How have conservatives responded to this movement to redefine reality? Impotently, argues Knowles.

"Conservatives have failed to thwart political correctness because most do not understand what it is," he writes. "They have portrayed political correctness and its derivatives, including 'wokeism' and 'cancel culture,' as 'censorship,' which we must oppose in the name of 'liberty.' These bumper sticker arguments reveal that conservatives understand as little about liberty and censorship as they do about political correctness."

Knowles' project is to remedy this misunderstanding, first by exploring the intellectual development of political correctness by influential thinkers that set out "with the explicit goal of destroying traditional standards and establishing new standards of speech in their place. Beginning with Karl Marx's instruction to his disciples to undertake a "ruthless criticism of all that exists," he shows how Marxist thinkers of the Frankfurt School determined that political revolution could only be accomplished after cultural upheaval and created strategies for that purpose. He recounts how MIT professor Ruth Perry, the leftist founder of the school's "Women's Studies" program, attributed the first use of the term "politically correct" to Chinese communist leader Mao Tse-tung.

Herbert Marcuse of the Frankfurt School is credited with developing the idea of "false consciousness," which explained why the masses were comfortable with conservative cultural hegemony and unaware that they were oppressed. Knowles recounts how Second Wave feminists in the 1970s held "consciousness-raising" meetings to awaken themselves to their own oppression. And this led to "woke" ideology spread through academia in the fields of "Women's Studies," "Black Studies", and "Queer Studies," each dedicated to tearing down the old oppressive standards of speech and replacing them with standards that enforce their worldview.

The success of this movement is keenly felt in today's political controversies, whether it's the debate over critical race theory in schools, censorship on social media, or the fight for fairness in women's sports.

In this book are 85 pages of works cited and footnotes, which is nearly a quarter of the volume's length and demonstrates how Knowles took care to show his work for those he anticipates will accuse him of peddling conspiracy theories about communists. The thinkers he cites and their arguments speak for themselves.

After the left advanced its ideas into the mainstream in the 1990s, conservatives have responded to political correctness in two self-defeating ways, Knowles argues. More compliant, or some might say "compassionate," conservatives have permitted defeat by adopting politically correct standards out of a misguided sense of being polite or, worse, because they have agreed with the left's criticisms of the old standards. More "stalwart" conservatives have rejected political correctness but done so on terms that guaranteed the left victory.

These conservatives have "grounded their refusal in vague appeals to liberty and denunciations of censorship," Knowles charges. "Rather than making a substantive defense of the culture they claim to wish to conserve, these conservatives are left making limp defenses of 'free speech' in the abstract, with nothing to say in practice."

This is Knowles' most challenging and interesting argument, especially for more libertarian-minded readers.

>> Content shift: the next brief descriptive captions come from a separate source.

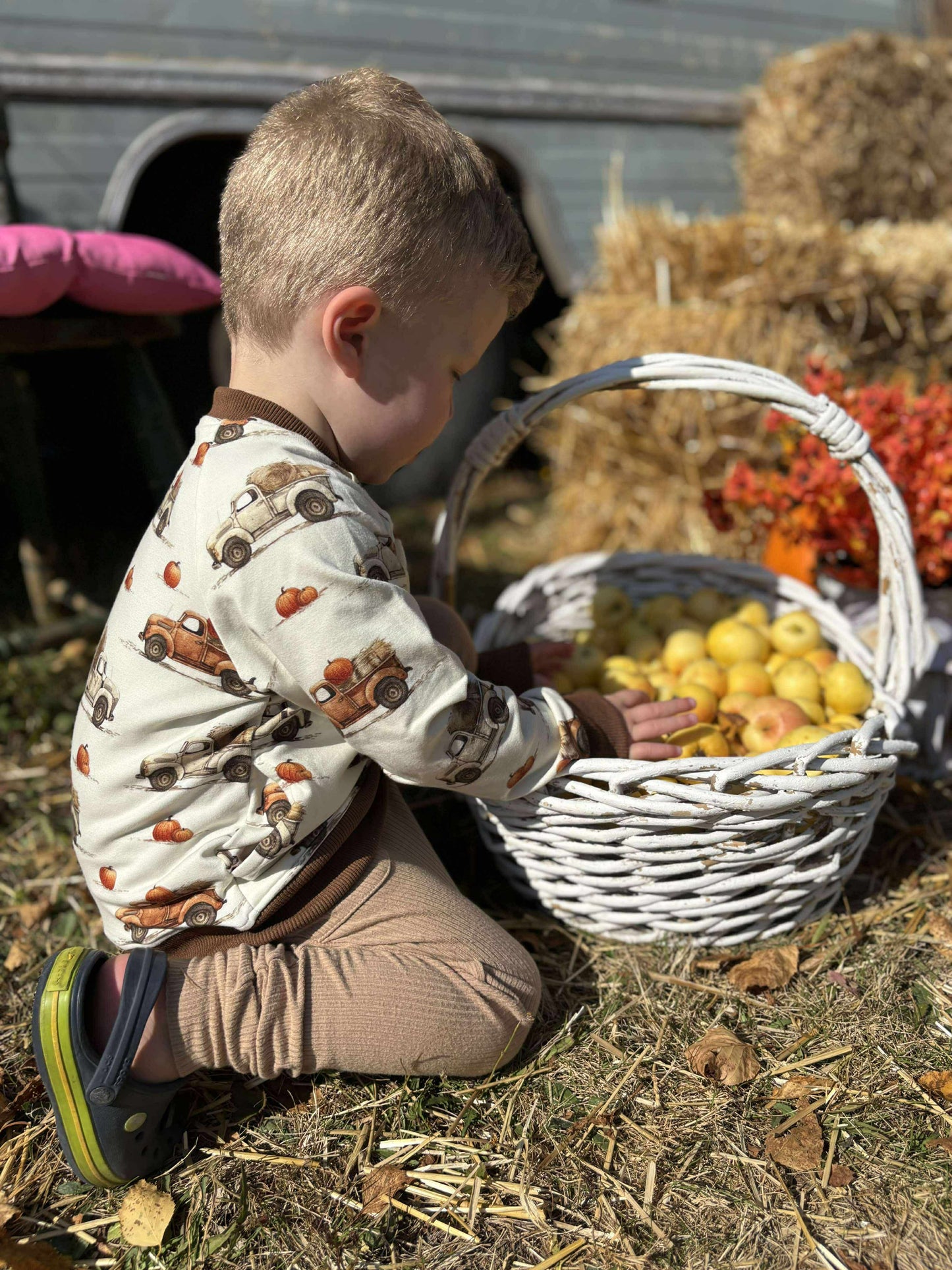 Harvest Haul - Pocket Sweater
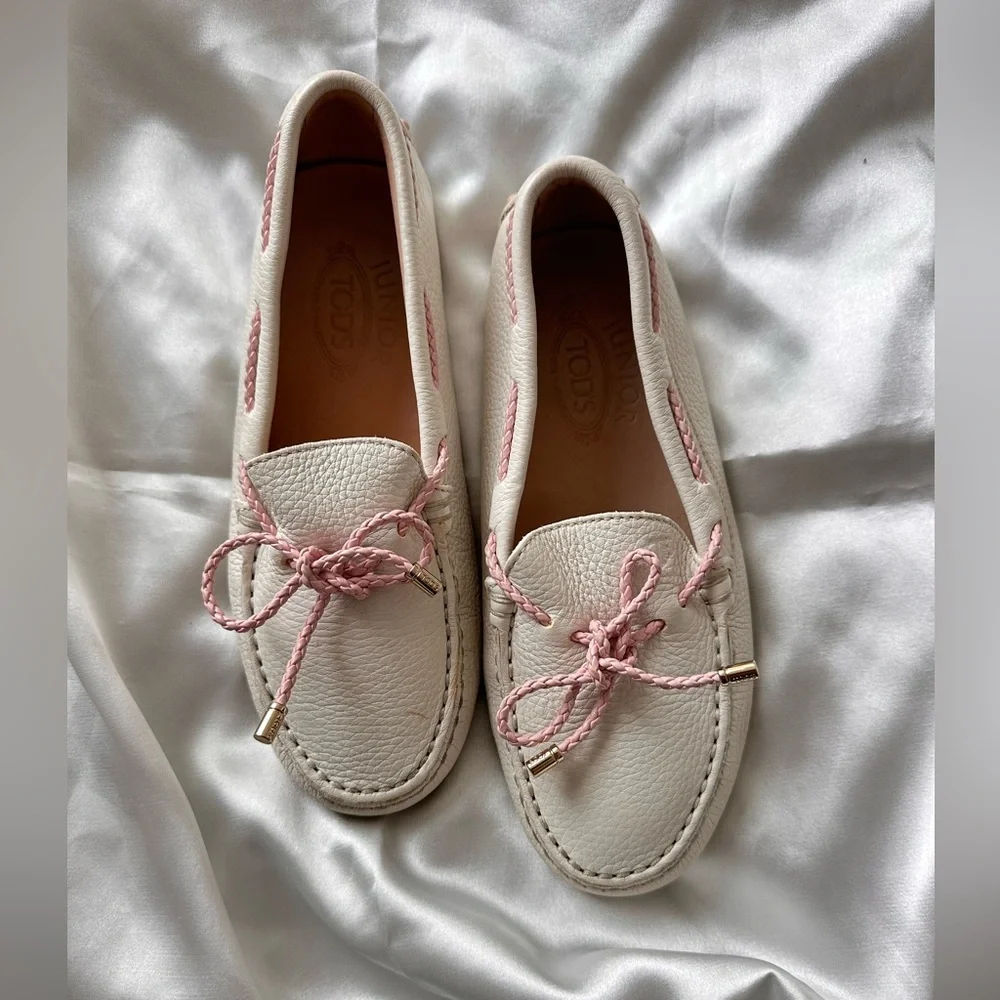 TOD’s Elegant White and Pink Women's Loafers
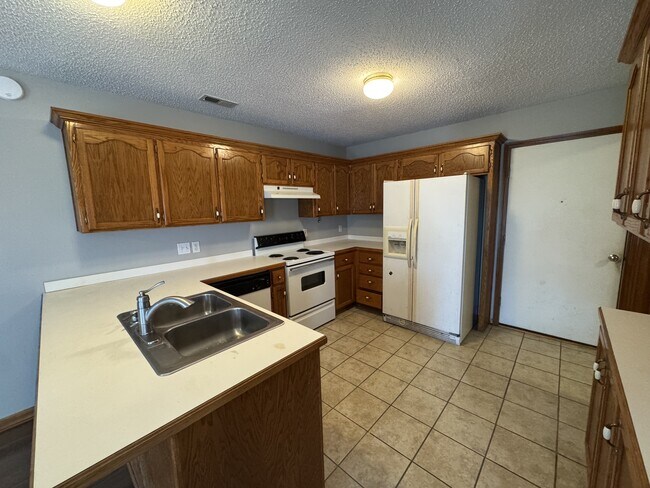 Building Photo - 1303 Fox Run Dr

He says there will always be standards of what is acceptable speech and what kinds of speech should not be tolerated. He denies that there has ever been a neutral liberal order where all forms of speech were welcomed, and to prove his point he cites John Milton, "the most famous defender of free speech in the English Language," and John Locke, the "father of liberalism," who each in turn argued for censorship of views they believed were antagonistic toward the common good (Catholicism for Milton and atheism for Locke).

"All cultures 'cancel,'" Knowles declares. He believes it is perfectly legitimate and in fact morally right to "cancel" speech that opposes traditional moral standards. He points to the 1950s, when Americans tried to "cancel" communism because the communist system is tyrannical and evil. Now in the 2020s, anti-communists are "canceled" because the left has used political correctness to supplant the old standards of good and evil with new ones that adhere to its ideology.

To win back the culture, Knowles says conservatives must "not only articulate a moral and political vision but also suppress ideologies and organizations that would subvert that vision." There will be standards of speech. Either they can uphold what is good, true, and beautiful, or they can promote what is bad, false, and ugly.

But what is that "moral and political vision"? And how, practically, do American conservatives go about suppressing the "ideologies and organizations" that would subvert it? Doesn't the modern Supreme Court's interpretation of the First Amendment stand in opposition to such an effort? If the left's "long march through the institutions" took more than a century to achieve the cultural hegemony it holds today, for how long must conservatives persist to win it back?

These questions and more deserve their own volume, Knowles acknowledges as he declines to "tack on a new conservative governing philosophy as a coda to this study of political correctness."

But "Speechless," by raising these questions, establishes a framework for a sequel, one I look forward to reading.